■ **EXERCISE DESCRIPTION**: Leave out the images and transcribe the entries below word for word.

■ **Pictures with short captions**:

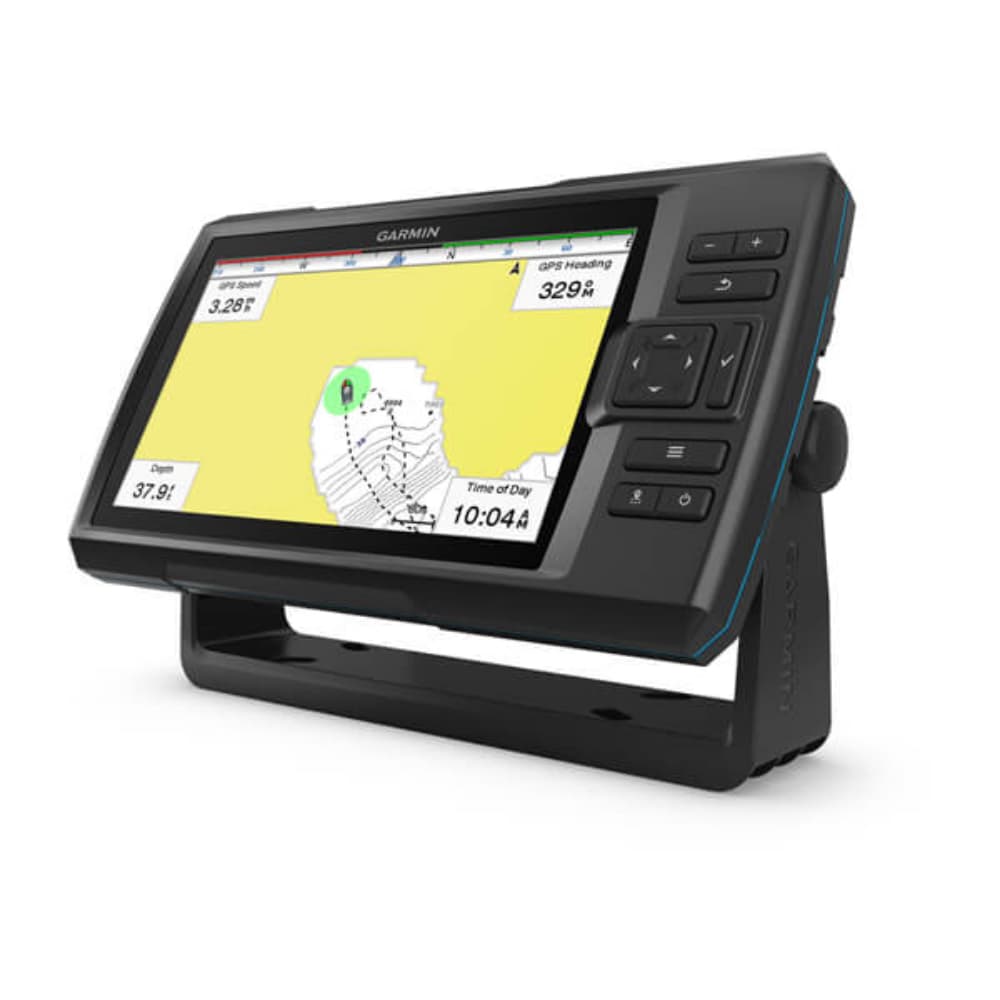 GARMIN STRIKER Vivid 9sv With Worldwide Maps And GT20-TM Transducer - Image 3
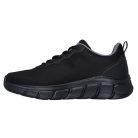 Skechers férfi cipő-118109-BBK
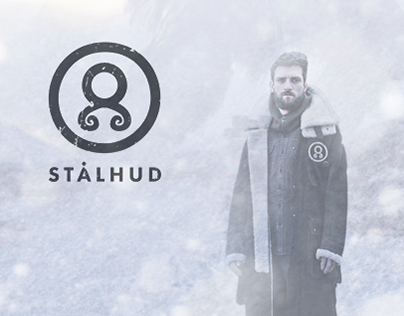 STALHUD - swedish winter jackets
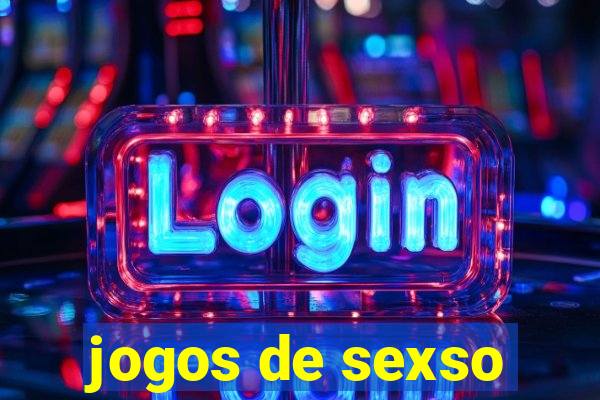 jogos de sexso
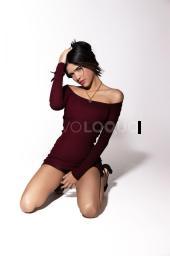LATINA ENCANTADORA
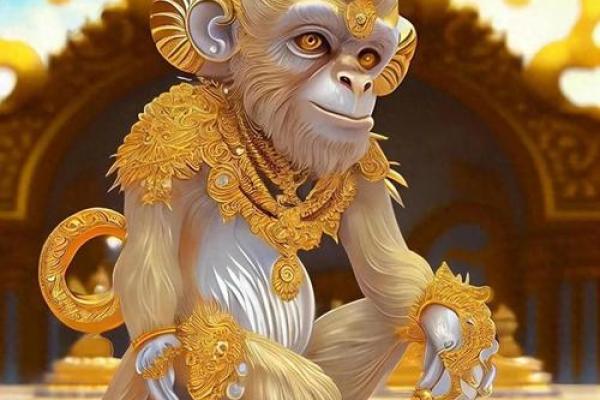 31岁属猴的人,命运与机遇的交织之路 31岁属猴的人,命运与机遇的交织之路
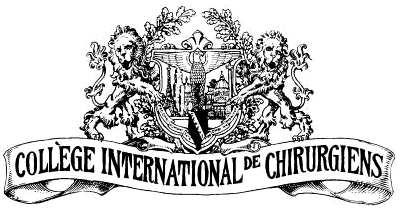 International College of Surgeons (ICS) logo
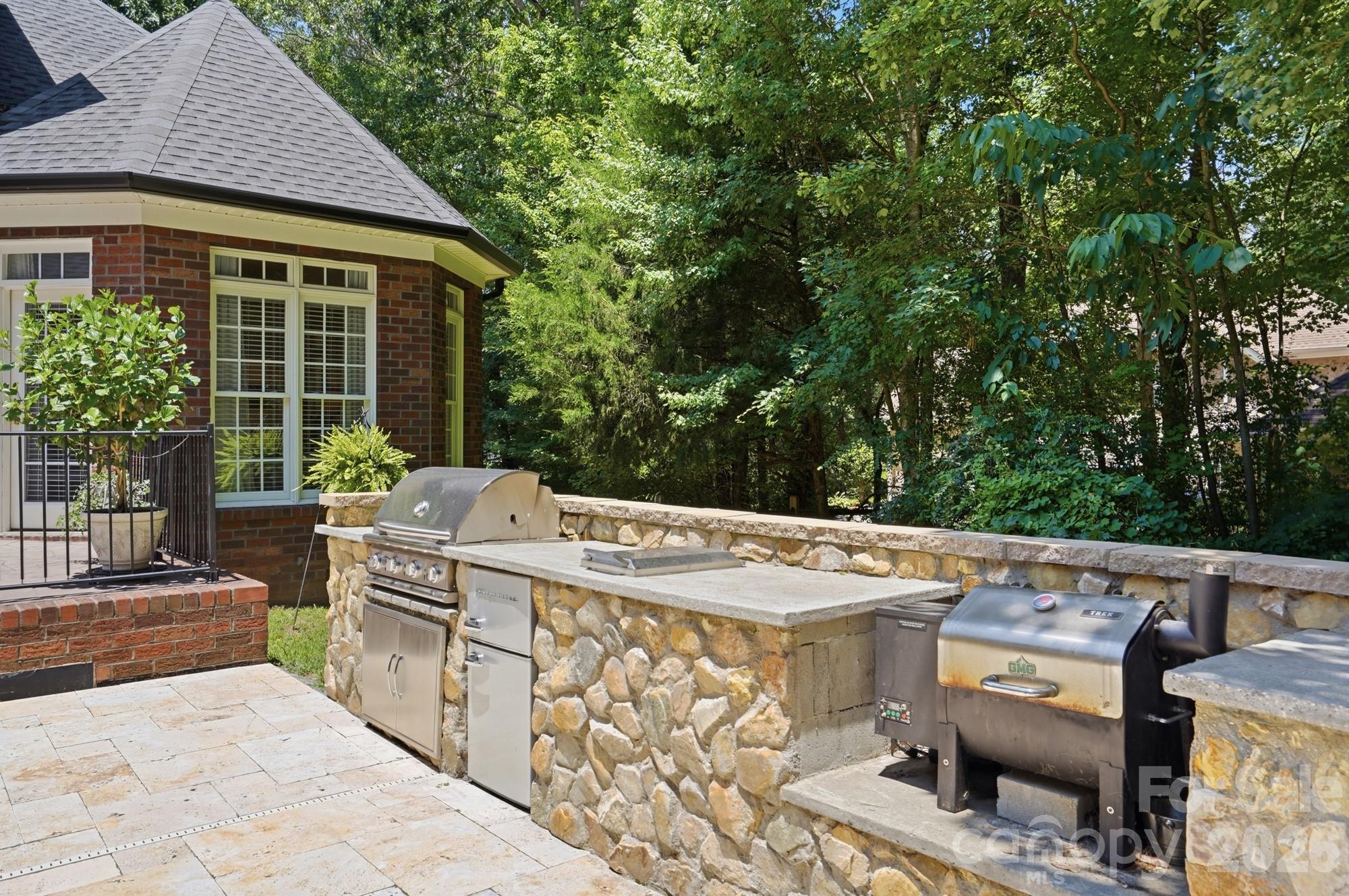 832 Savile Lane — Fort Mill
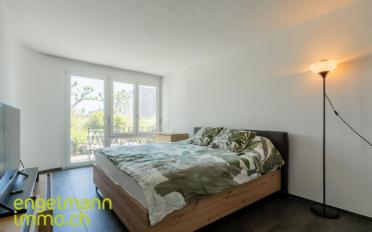 Apartment 3.5 rooms - image - 8
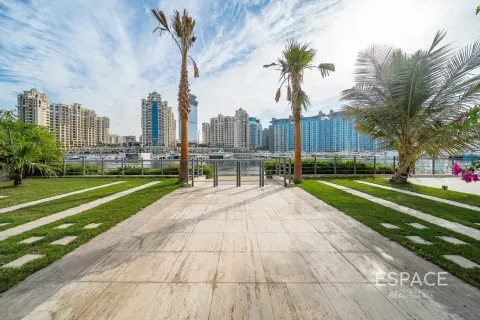 ویلا برای اجاره در Palm Jumeirah، Dubai، امارات متحده عربی 6 خوابه ، 650 متر مربع ، شماره 738473 - تصویر 13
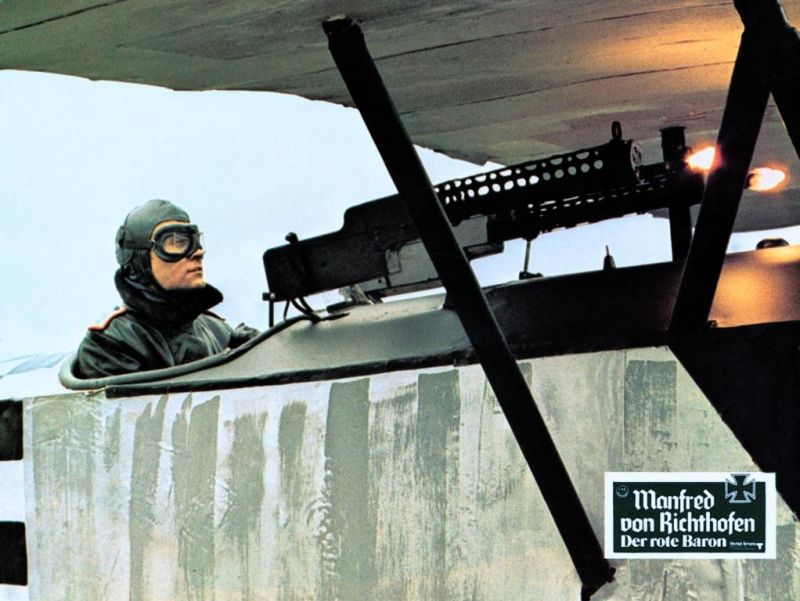 神鹰大作战剧照的剧照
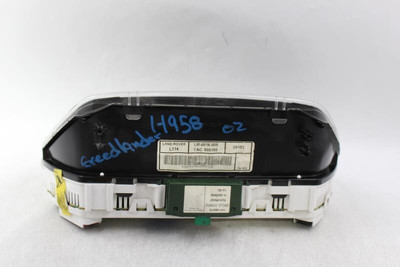 Speedometer Cluster 98K Miles MPH Fits 2002-2003 ROVER FREELANDER OEM #28324 YAC500310PMA high resolution2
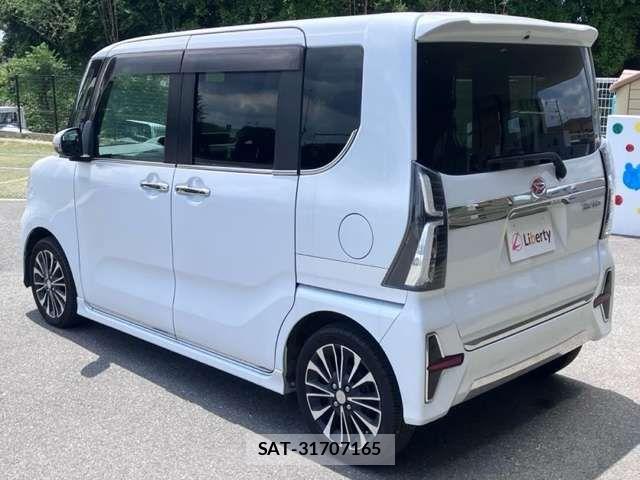 Daihatsu TANTO CUSTOM 2020-03 8369320-10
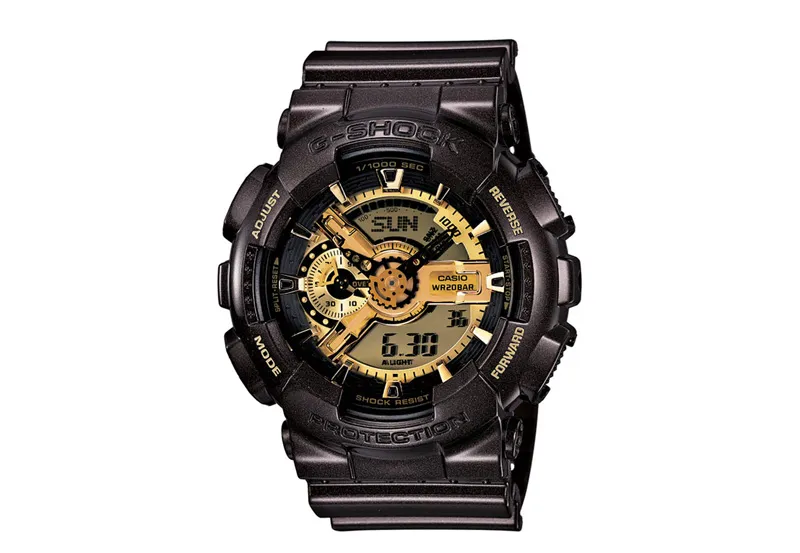 Casio Uhrenarmband GA-110BR-5AER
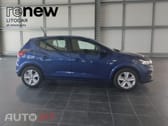 Dacia Sandero Stepway Expression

■ **RESPONSE AREA**:
 GARMIN STRIKER Vivid 9sv With Worldwide Maps And GT20-TM Transducer - Image 3
 Skechers férfi cipő-118109-BBK
 STALHUD - swedish winter jackets
 jogos de sexso
LATINA ENCANTADORA
 31岁属猴的人,命运与机遇的交织之路 31岁属猴的人,命运与机遇的交织之路
 International College of Surgeons (ICS) logo
 832 Savile Lane — Fort Mill
 Apartment 3.5 rooms - image - 8
 ویلا برای اجاره در Palm Jumeirah، Dubai، امارات متحده عربی 6 خوابه ، 650 متر مربع ، شماره 738473 - تصویر 13
 神鹰大作战剧照的剧照
 Speedometer Cluster 98K Miles MPH Fits 2002-2003 ROVER FREELANDER OEM #28324 YAC500310PMA high resolution2
 Daihatsu TANTO CUSTOM 2020-03 8369320-10
 Casio Uhrenarmband GA-110BR-5AER
 Dacia Sandero Stepway Expression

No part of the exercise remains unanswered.